There may be various molds that are already present in dried vegetables or that come with contamination during the drying process, they can cause foodborne disease, in particular, they can produce various toxins such as aflatoxin in dried figs. Mycotoxins can affect consumer health and food quality, and as a result of these conditions, the commercial value of the products may be lost [16, 17].

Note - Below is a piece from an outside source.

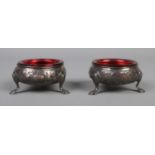 A pair of George III silver salts with red glass liners and raised on three scrolled feet. Assayed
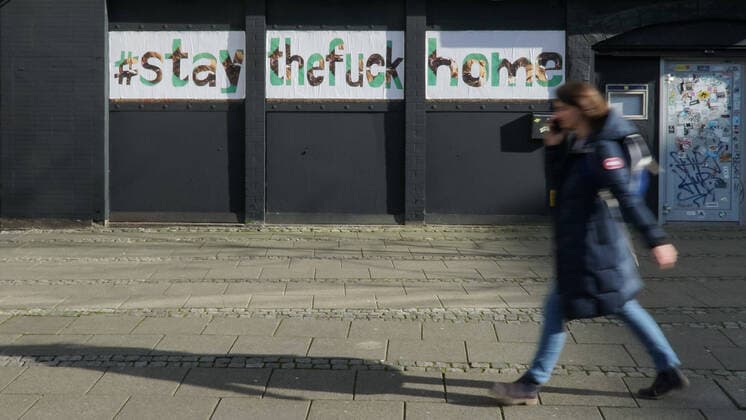 To contain the coronavirus, business closures, restrictions and contact restrictions have been ordered and curfews are being discussed, the photo shows a pedestrian in front of a banner, banner, poster, notice, writing on a building with the words, hashtag stay the fuck home, stay at home, stayathome, stay at home, stay at home, contact ban, contact ban, curfew, 25 03 2020, xobx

In this study, we reviewed that the pre-treatments and applications applied to reduce the microbial loads of dried products, prolong their shelf life and improve their quality. Although aw and moisture content are low compared to other food groups, it should be known that there may be development of microorganism when dried foods suffer from moisture when they are stored under unhygienic drying conditions, contamination and/or storage conditions. To shed light on the fruit and vegetable drying industry and highlight its importance for public health, we conducted a review study showing how effective the various methods are in terms of microorganism inactivation and food quality.

Results and discussion

Some applications and pretreatments for microorganism inactivation

Pretreatment means that the humidity of the agricultural products will be removed faster before they dry; it might be done for preservation/enhancement of colors, flavors, and nutritional values. It is the whole of physical and chemical processes that are carried out to ensure hygienes by preventing possible microbial activities on them and to obtain shape and size characteristics in accordance with the standards [18].

Most studies have shown that pretreating with an acidic solution (ascorbic, citric acid, etc.) or sodium metabisulfite dip also enhances the destruction of potentially pathogenic bacteria during drying and storage, including E. coli O157:H7, Salmonella spp. and Listeria monocytogenes, and enhance the safety of dried fruits [19, 20]. However, sulfur and sulfite compounds may lead to asthmatic reactions in some people.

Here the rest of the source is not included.